Integrated simulation approach for laser-driven fast ignition

TL;DR

This paper introduces an integrated particle-in-cell simulation method for laser-driven fast ignition, combining separate systems for particle generation and transport to improve accuracy and applicability to high-density plasmas.

Contribution

The paper presents a novel dual-system PIC simulation approach that independently models particle generation and transport, avoiding the need for matching field solvers across density regions.

Findings

Successfully simulates fast ignition with real target densities

Demonstrates the feasibility of the integrated approach

Improves simulation accuracy for high-density plasma interactions

Abstract

An integrated simulation approach fully based upon particle-in-cell (PIC) model is proposed, which involves both fast particle generation via laser solid-density plasma interaction and transport and energy deposition of the particles in extremely high density plasma. It is realized by introducing two independent systems in a simulation, where the fast particle generation is simulated by a full PIC system and the transport and energy deposition computed by a second PIC system with a reduced field solver.
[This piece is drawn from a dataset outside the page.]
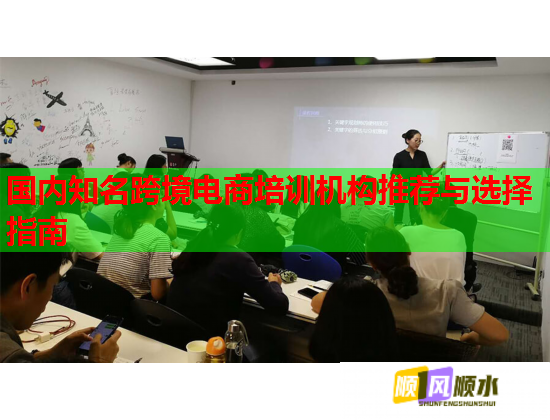 國內(nèi)知名跨境電商培訓(xùn)機構(gòu)推薦與選擇指南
Data of the fast particles generated in the full PIC system are copied to the reduced PIC system in real time as the fast particle source. Unlike a two-region approach, which takes a single PIC system and two field solvers in two plasma density regions, respectively, the present one need not match the field-solvers since the reduced field solver and the full solver adopted respectively in the two systems are independent. A simulation case is presented, which demonstrates that this approach can be applied to integrated simulation of fast ignition with real target densities.